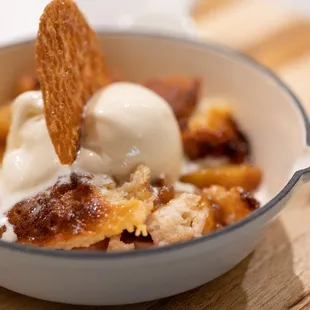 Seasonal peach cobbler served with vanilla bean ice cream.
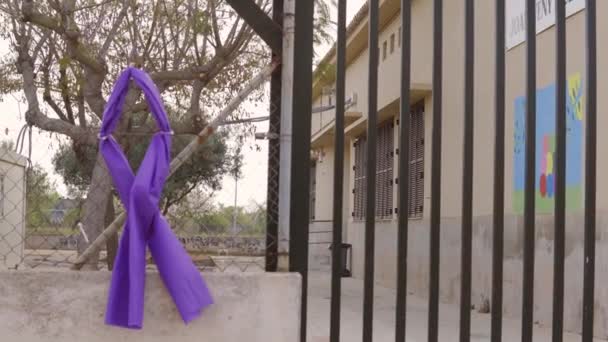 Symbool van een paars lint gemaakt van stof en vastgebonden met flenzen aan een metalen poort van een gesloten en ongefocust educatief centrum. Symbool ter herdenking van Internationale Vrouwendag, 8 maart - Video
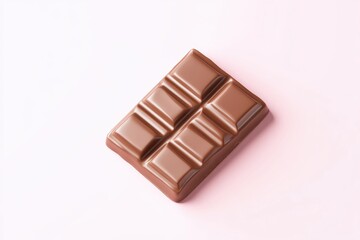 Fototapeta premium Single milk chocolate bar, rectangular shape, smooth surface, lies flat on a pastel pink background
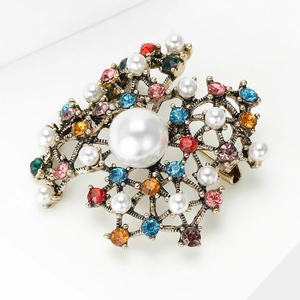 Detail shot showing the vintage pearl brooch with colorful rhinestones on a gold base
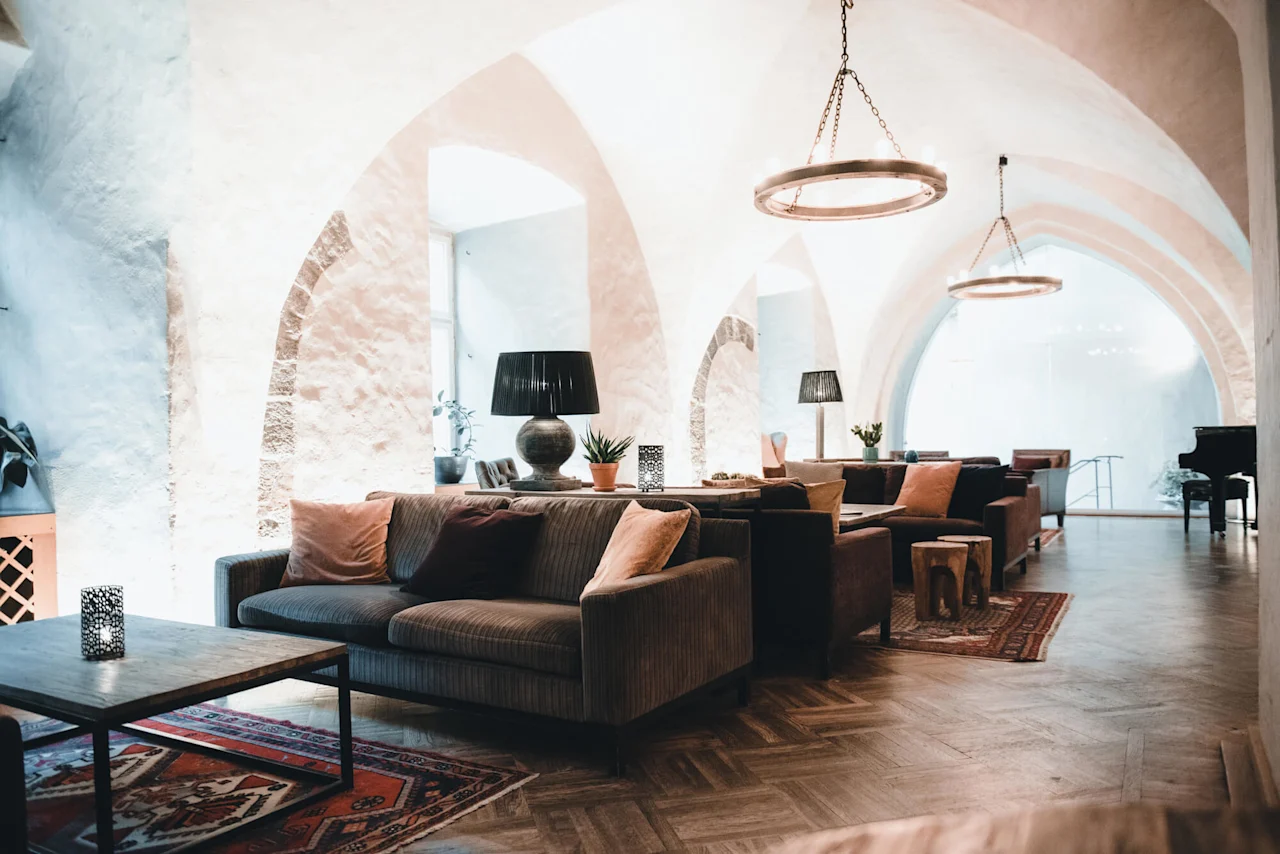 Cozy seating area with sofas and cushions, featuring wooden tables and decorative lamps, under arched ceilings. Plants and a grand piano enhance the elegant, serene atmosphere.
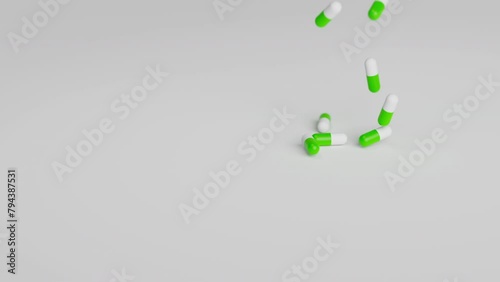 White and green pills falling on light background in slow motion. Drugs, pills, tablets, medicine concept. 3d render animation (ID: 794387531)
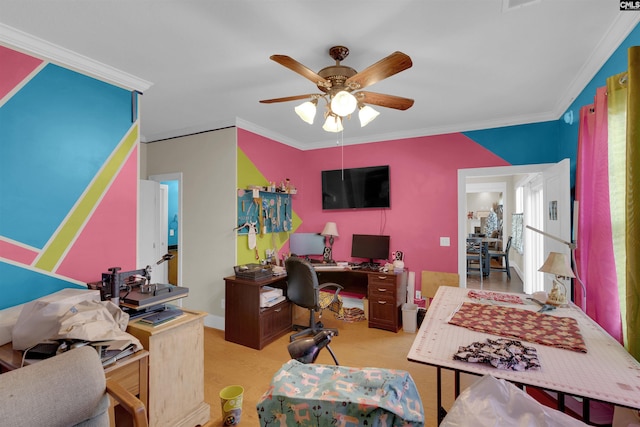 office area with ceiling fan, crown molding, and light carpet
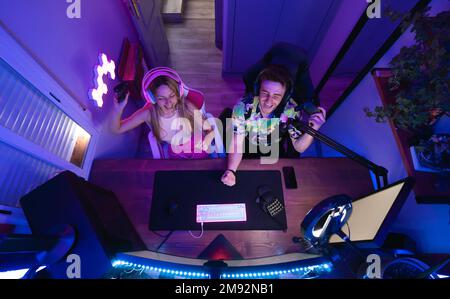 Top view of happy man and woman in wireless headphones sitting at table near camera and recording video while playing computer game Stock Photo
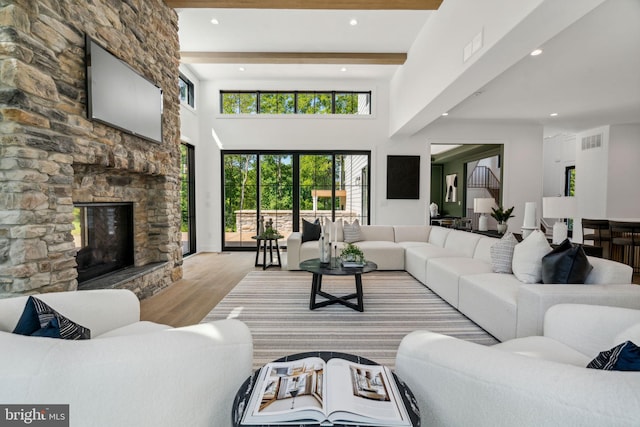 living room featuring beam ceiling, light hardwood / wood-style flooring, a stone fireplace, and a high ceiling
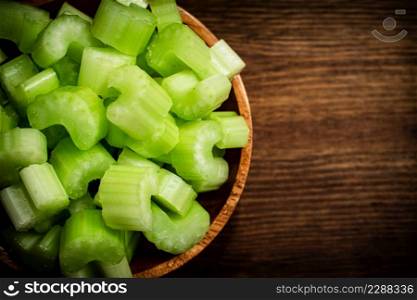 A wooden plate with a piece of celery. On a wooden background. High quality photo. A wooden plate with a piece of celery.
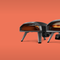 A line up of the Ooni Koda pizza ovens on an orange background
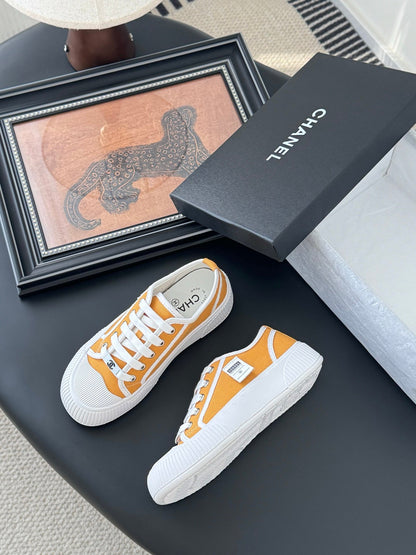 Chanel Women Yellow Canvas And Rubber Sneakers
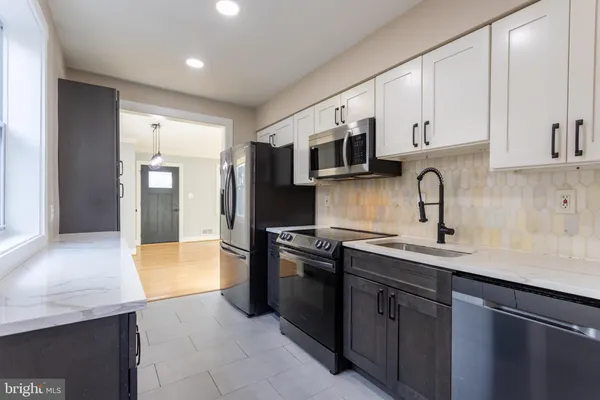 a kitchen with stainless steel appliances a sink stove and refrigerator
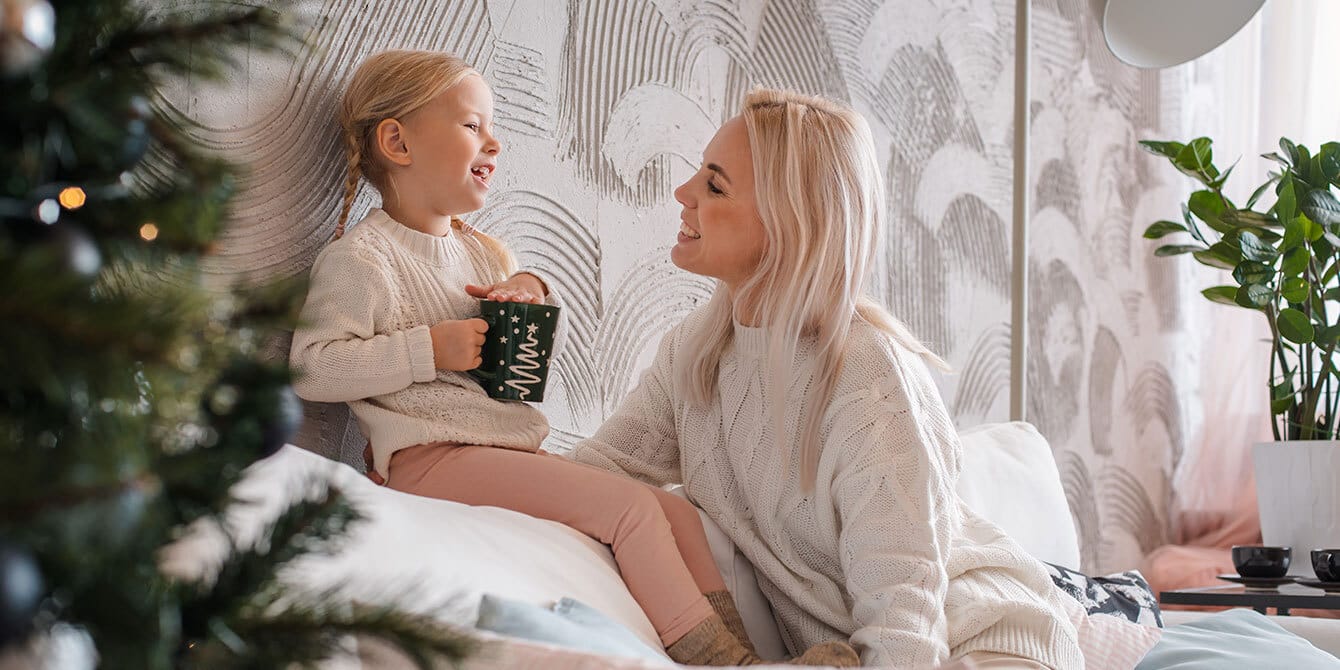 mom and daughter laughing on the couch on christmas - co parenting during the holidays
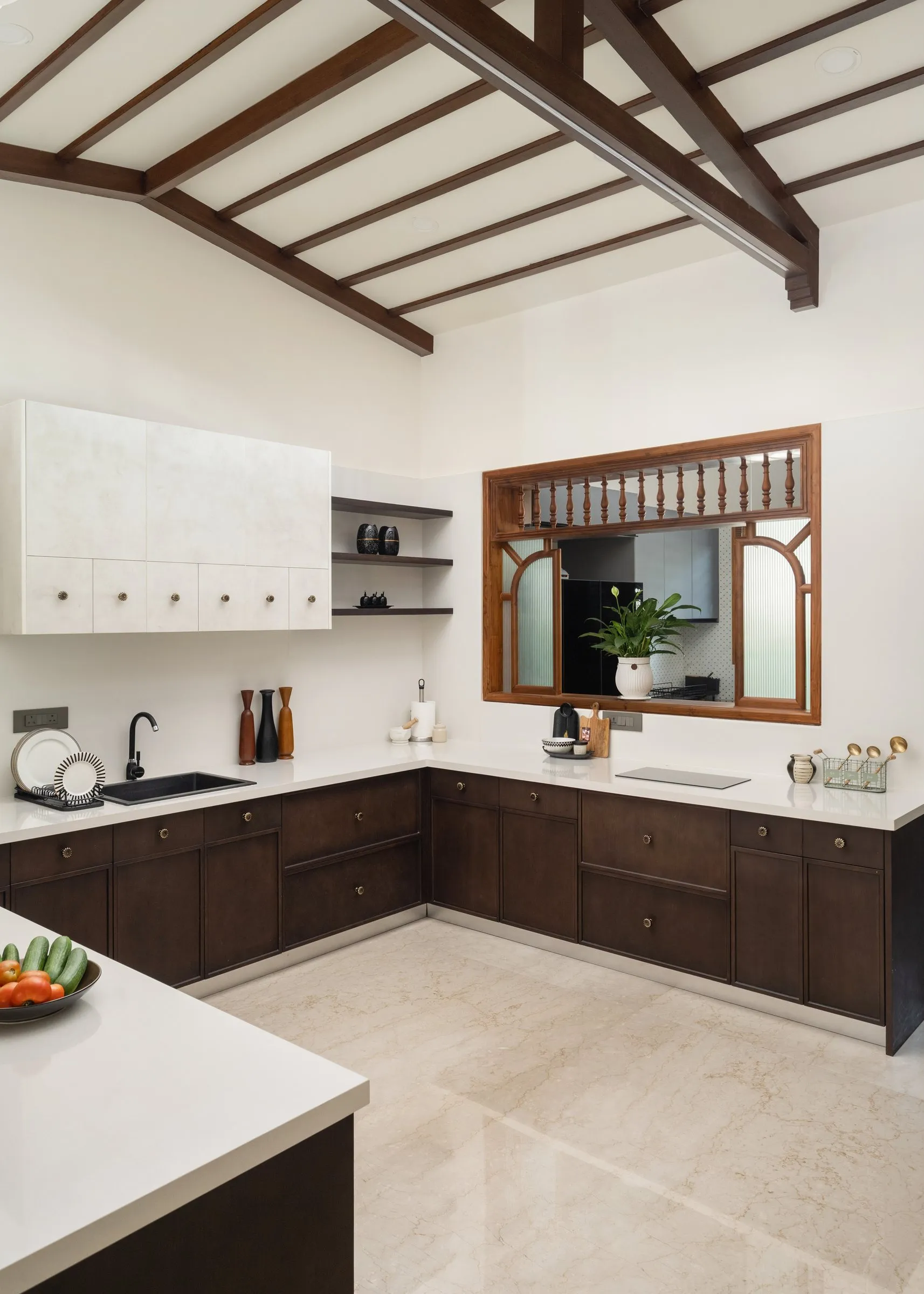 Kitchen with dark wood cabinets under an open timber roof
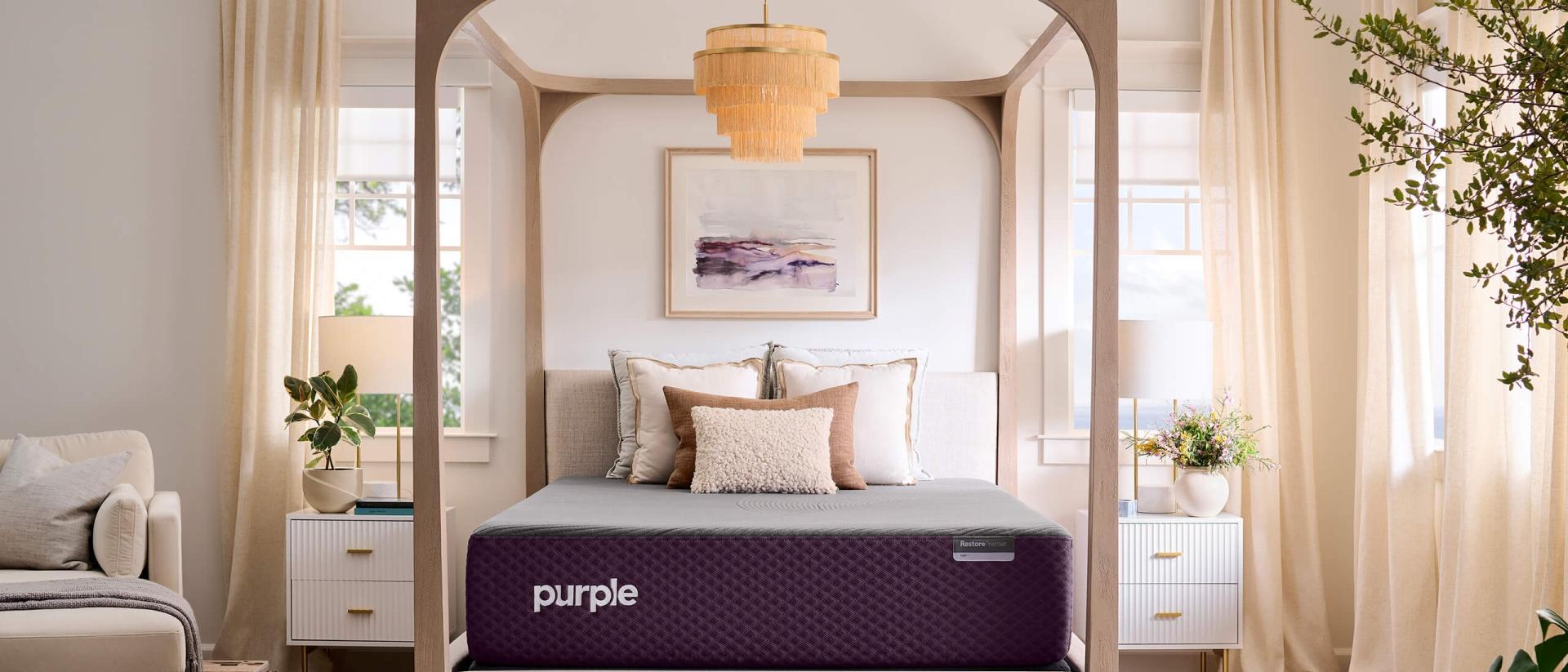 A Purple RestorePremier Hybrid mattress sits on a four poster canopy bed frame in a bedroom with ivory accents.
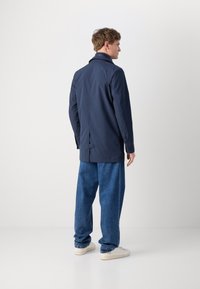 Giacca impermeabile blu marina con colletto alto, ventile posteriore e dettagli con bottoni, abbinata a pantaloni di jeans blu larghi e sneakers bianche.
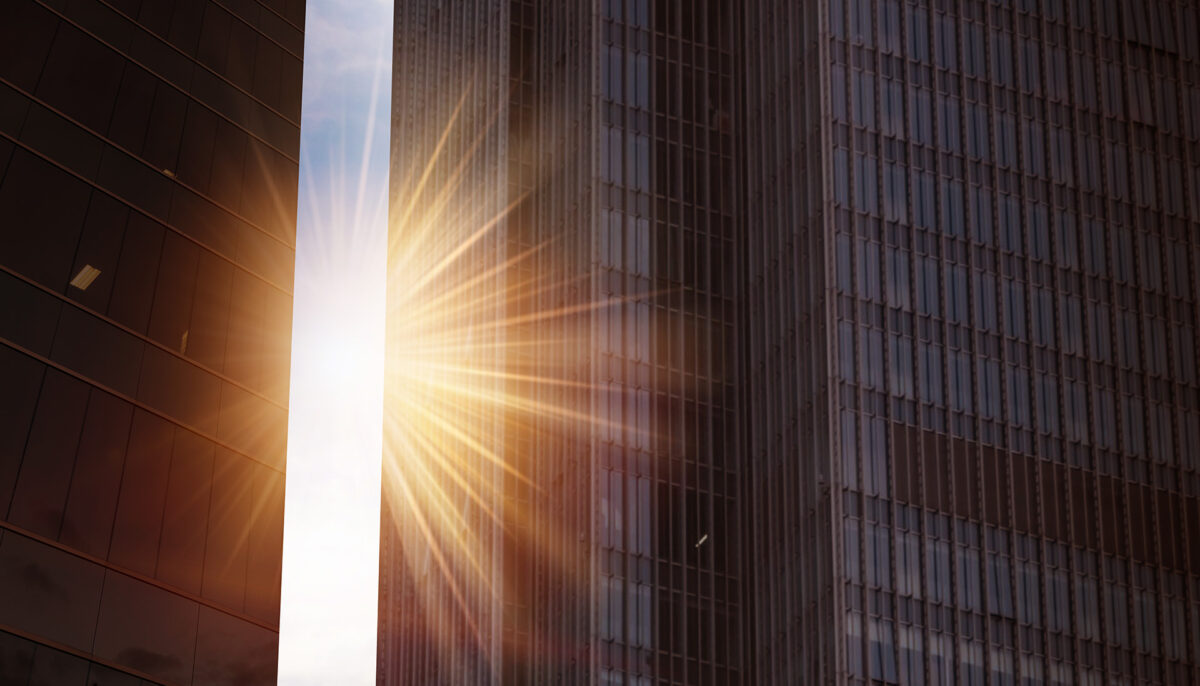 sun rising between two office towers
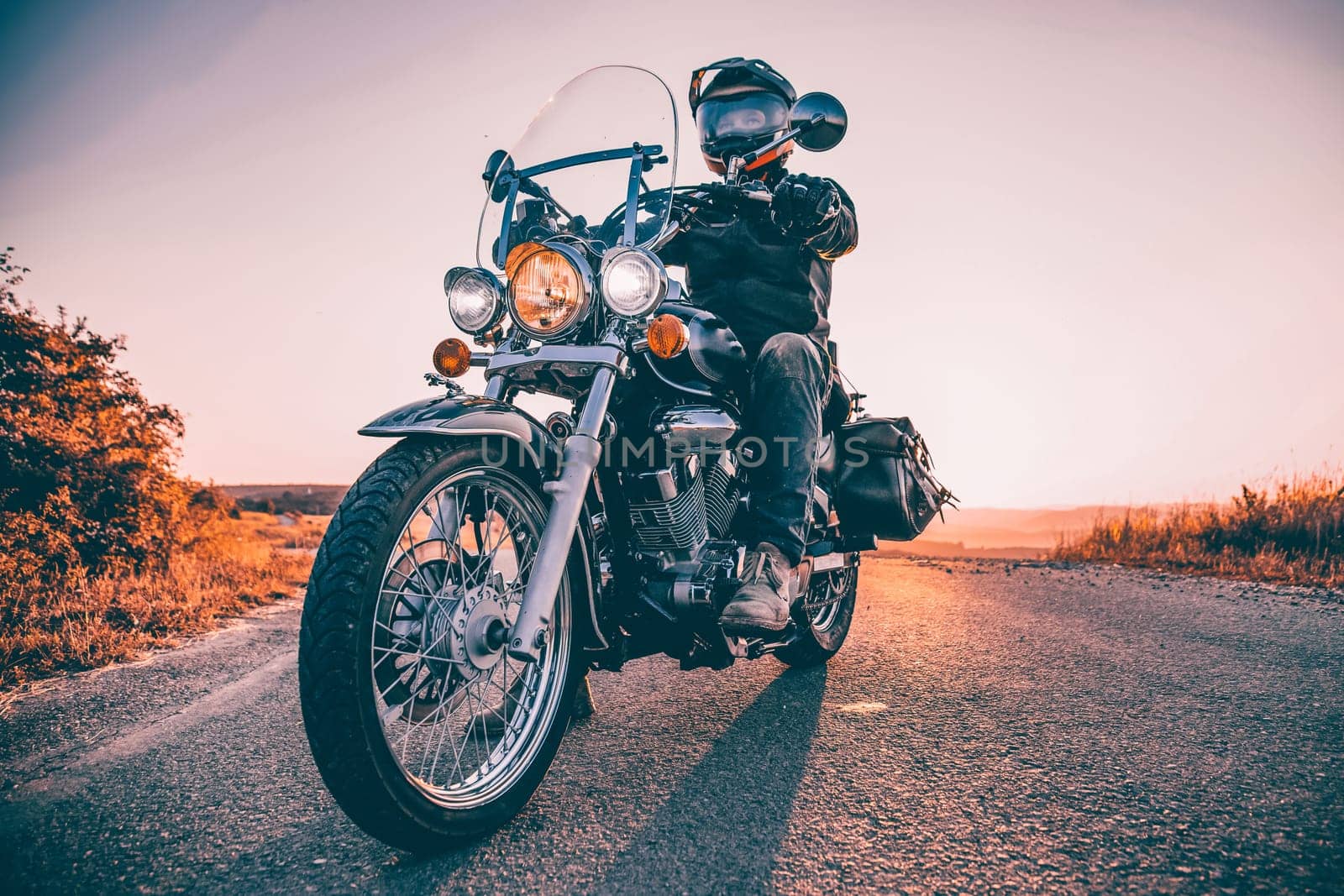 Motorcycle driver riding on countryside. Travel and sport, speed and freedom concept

EXERCISE DETAILS:
Exact repetition required: repeat the first line of the listing above, the line containing "Symbool van een", and every line between, leaving out pictures.

REPLY TO THE TASK:
 Seasonal peach cobbler served with vanilla bean ice cream.
 Symbool van een paars lint gemaakt van stof en vastgebonden met flenzen aan een metalen poort van een gesloten en ongefocust educatief centrum. Symbool ter herdenking van Internationale Vrouwendag, 8 maart - Video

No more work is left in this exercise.